## TASK DIRECTIONS
Beginning with the line that contains "Brown shirt with front tie" and ending with the line that contains "Frame Bow barrel-leg jeans", reproduce the lines of the entries below exactly, omitting pictures.

## PROVIDED MATERIAL
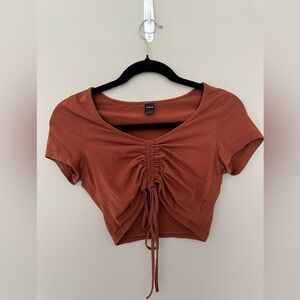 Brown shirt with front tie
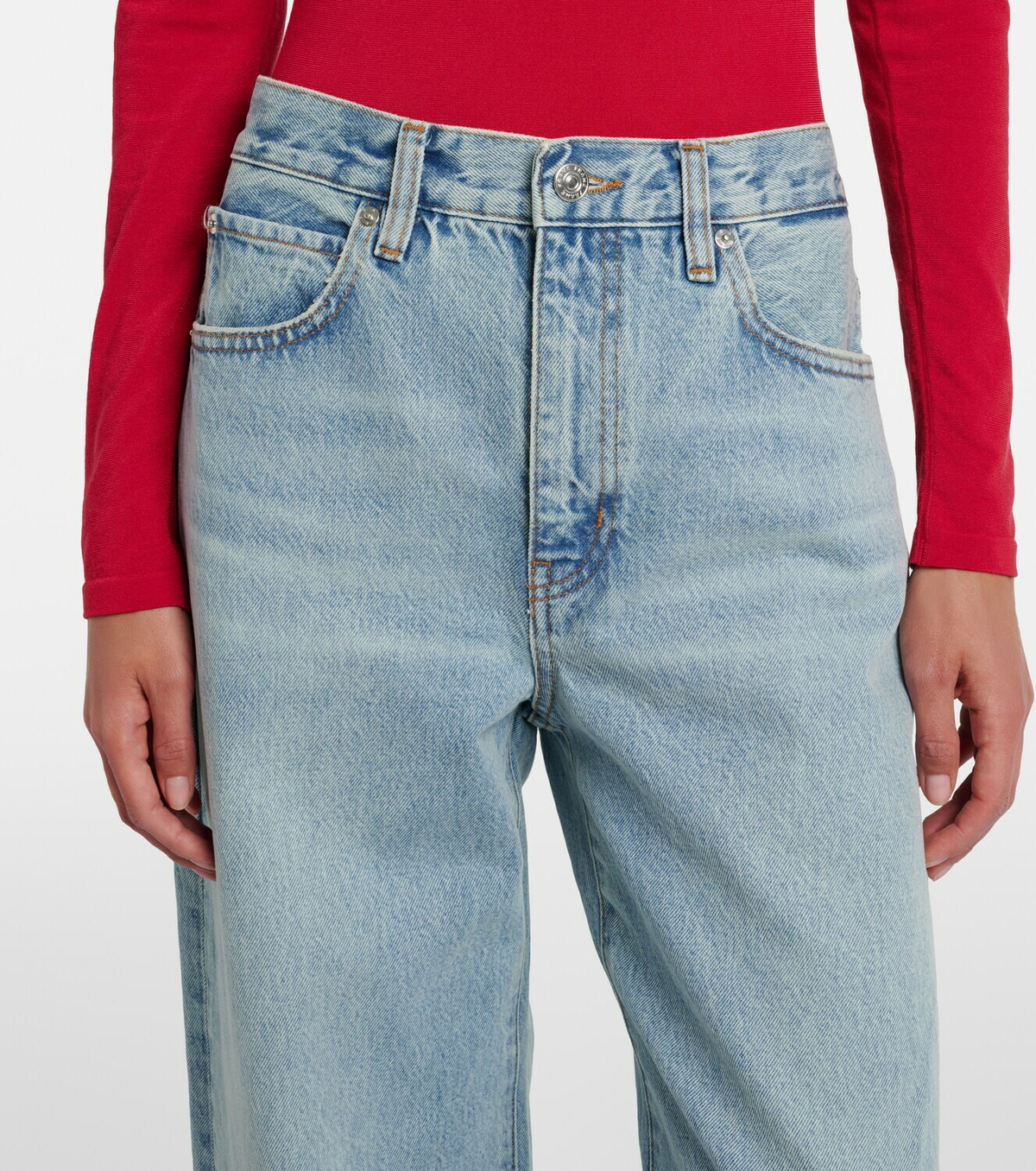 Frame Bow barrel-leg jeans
---
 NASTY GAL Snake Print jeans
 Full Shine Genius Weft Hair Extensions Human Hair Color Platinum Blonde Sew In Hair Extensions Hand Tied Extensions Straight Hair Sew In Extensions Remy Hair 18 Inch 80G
* * *
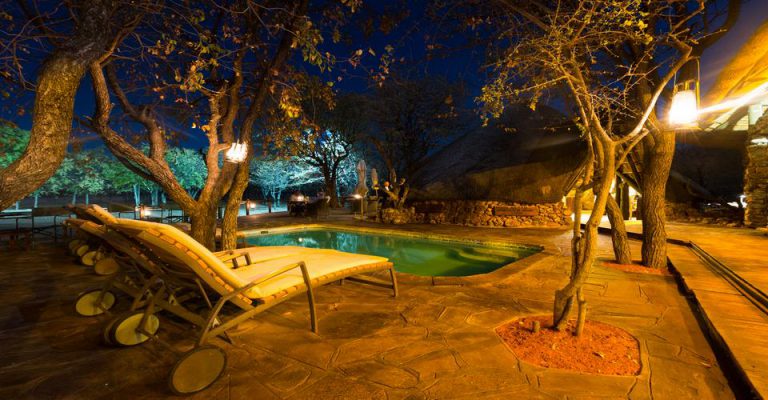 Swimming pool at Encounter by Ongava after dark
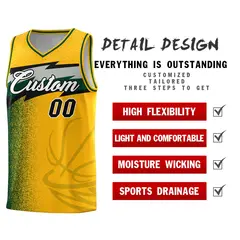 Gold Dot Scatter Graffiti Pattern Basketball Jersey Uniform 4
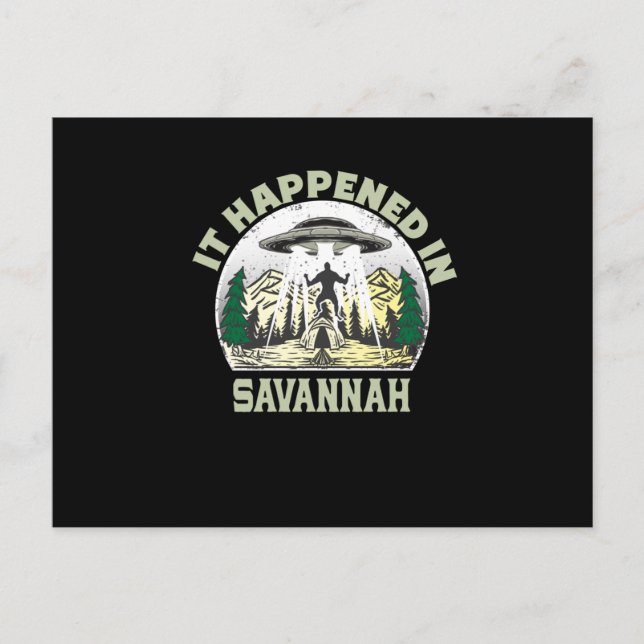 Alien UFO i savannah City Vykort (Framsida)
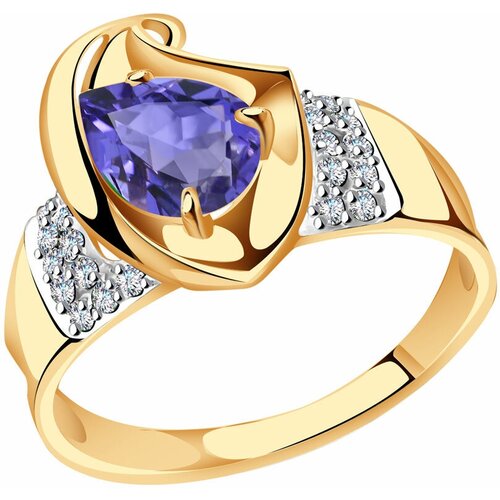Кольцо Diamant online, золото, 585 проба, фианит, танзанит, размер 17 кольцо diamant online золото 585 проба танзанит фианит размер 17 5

## COMPLETED EXERCISE
 Brown shirt with front tie
 Frame Bow barrel-leg jeans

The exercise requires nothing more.